The one question Dr. Stephanie Wethington struggles most with is whether to use PARP inhibitor maintenance therapy for all of her ovarian cancer patients in the upfront setting. For patients with germline or somatic BRCA mutations, data from the SOLO-1 and PRIMA trials point to a clear benefit. “Those patients I’m going to target towards utilization of PARP inhibitors,” says Dr. Wethington, who is director of The Susan L. Burgert M.D. Gynecologic Oncology Survivorship Program and assistant professor in the Department of Gynecology and Obstetrics at Johns Hopkins Medicine.

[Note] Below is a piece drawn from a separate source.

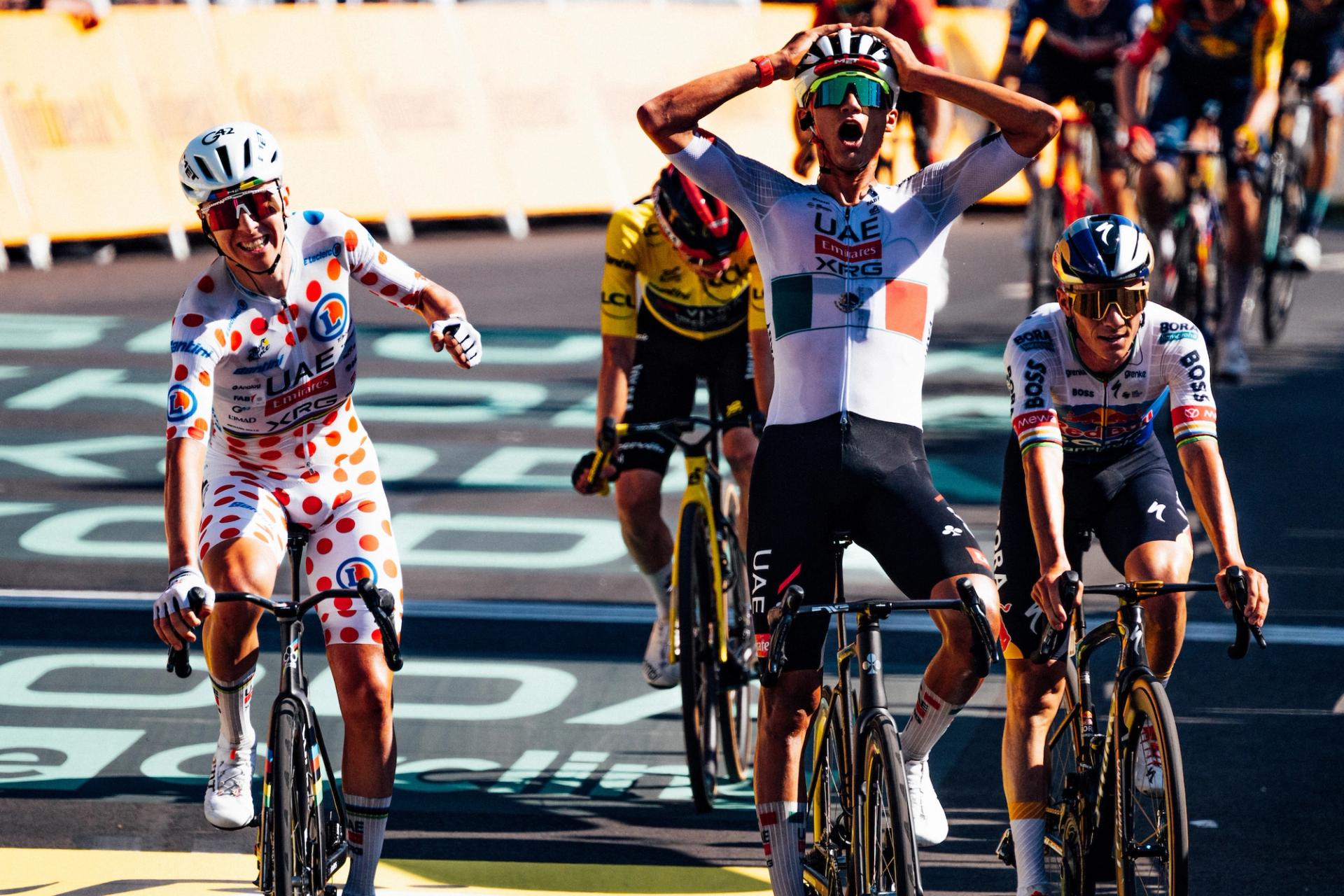 Picture by Zac Williams/SWpix.com - 05/07/2026 - Cycling - 2026 Tour de France - Stage 2 - Tarragona - Barcelona - Isaac Del Toro, UAE Team Emirates, wins Stage 2, with Tadej Pogacar, by his side.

The question is less clear in patients who are BRCA-, and homologous recombination deficiency (HRD)-negative. Olaparib (brand name: Lynparza) isn’t FDA-approved for this group, so niraparib or a clinical trial are the only options. Decision-making for these patients requires a deeper discussion about the survival benefit from PARP inhibitors based on study data, versus potential quality of life issues such as medication adherence and side effects.
“Different patients are going to feel differently about the PFS benefit that they may or may not get from these regimens,” Dr. Wethington tells SurvivorNet Connect.